Parallelization on a single GPU

dat_pham_thanh · March 28, 2018, 2:05pm

Hi,

I am a newbie. Now I try to train 2 different model on single GPU, in parallel.
I use the multithreads. I compare to sequential models.
The time to training with multithreads is longer than sequential models.(same dataset)
I dont know why using multithreads is longer?
I think it is faster.

Thank you,

albanD · March 28, 2018, 3:53pm

Hi,

If the GPU is already fully used by a single model, trying to train a second model at the same time will just have to wait for the first one to finish and will slow things down by having to switch from one problem to the other all the time.

dat_pham_thanh · March 28, 2018, 6:06pm

Thank for your reply !
The memory of GPU is not full. My implement use the same of the Gb of sequential models.

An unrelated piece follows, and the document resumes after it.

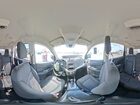 2016 Dodge Journey Se Черный vin: 3C4PDCAB2GT231225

albanD · March 29, 2018, 9:28am

My point above is that even if there is some memory left, the processor is already being used fully, so you cannot do more computation: you can’t run more things at the same time.

dat_pham_thanh · March 29, 2018, 9:55am

Thank you so much!
but I still have a quuestion.
Is there any method (or function) to see the number of processor on GPU which is running?
I will run with smaller models and make a feedback later.

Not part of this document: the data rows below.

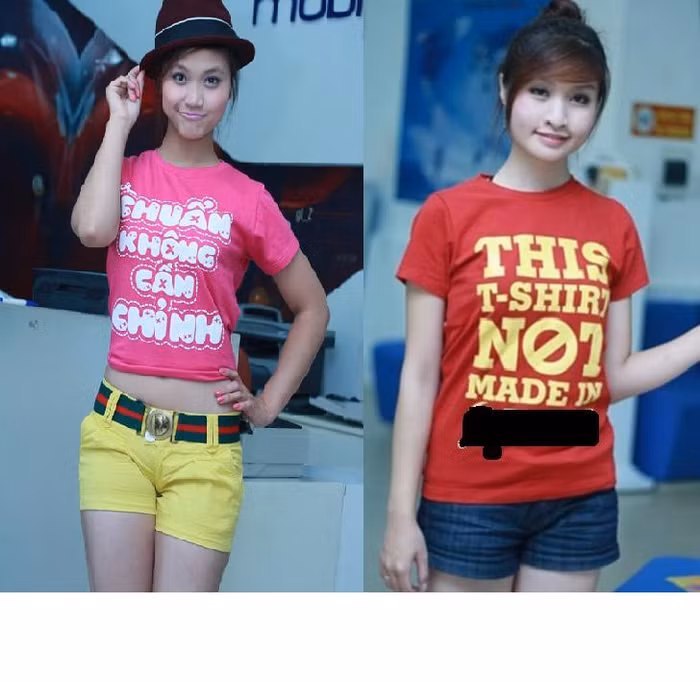 Cặp đôi không có đối thủ?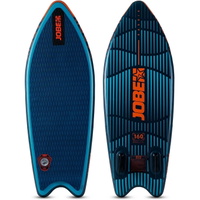 Raddix Opblaasbare Wakesurfer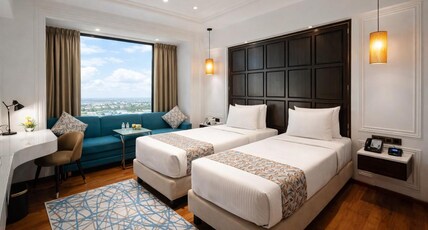 SOOT Room Type - PREMIUM EXECUTIVE ROOM SOOT Room Type - PREMIUM EXECUTIVE ROOM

albanD · March 29, 2018, 10:52am

Not sure if such method exists, you can check online the number of cuda cores your GPU has.

dat_pham_thanh · March 29, 2018, 12:39pm

I checked with smaller model and the processor is not full.

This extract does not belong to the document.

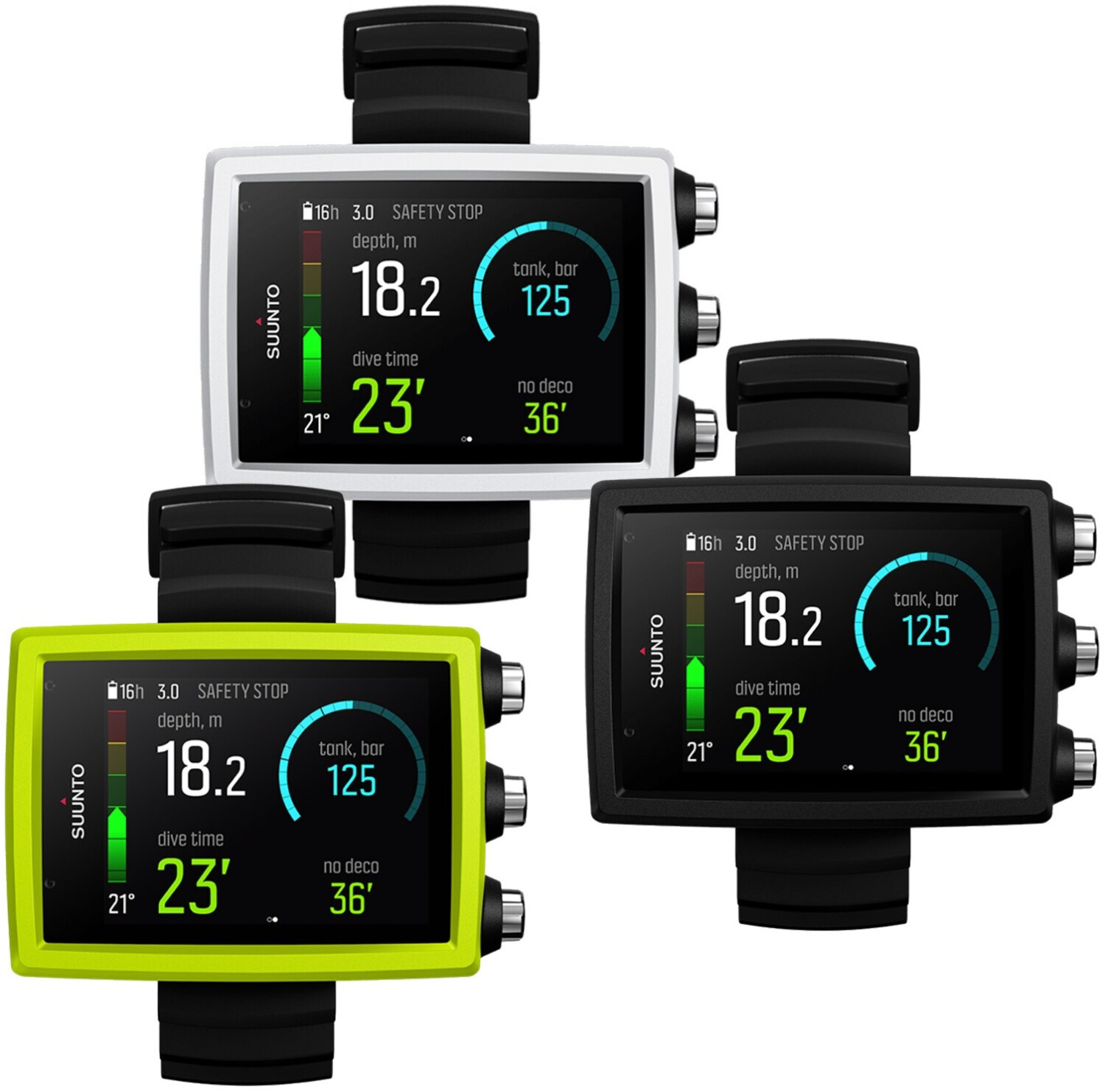 Suunto Eon Core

The time for parallel model is still longer than sequential model.
Below is my function using thread on single GPU.

def parallel_apply(modules, inputs, kwargs_tup=None, devices=None):

assert len(modules) == len(inputs)
if kwargs_tup is not None:
    assert len(modules) == len(kwargs_tup)
else:
    kwargs_tup = ({},) * len(modules)
if devices is not None:
    assert len(modules) == len(devices)
else:
    devices = [None] * len(modules)

lock = threading.Lock()
results = {}


def _worker(i, module, input, kwargs, lock, device=None):

    if device is None:
        device = get_a_var(input).get_device()
    try:
        with torch.cuda.device(device):
            output = module.cuda(device)(*input,**kwargs);
        with lock:
            results[i] = output
    except Exception as e:
        with lock:
            results[i] = e

if len(modules) > 1:
    threads = [threading.Thread(target=_worker,
                               args=(i, module, input, kwargs, lock, device),)
               for i, (module, input, kwargs, device) in
               enumerate(zip(modules, inputs, kwargs_tup, devices))]

    for thread in threads:
        thread.start()
    for thread in threads:
        thread.join()
else:
    _worker(0, modules[0], inputs[0], kwargs_tup[0], devices[0])

outputs = []
for i in range(len(inputs)):
    output = results[i]
    if isinstance(output, Exception):
        raise output
    outputs.append(output)
return outputs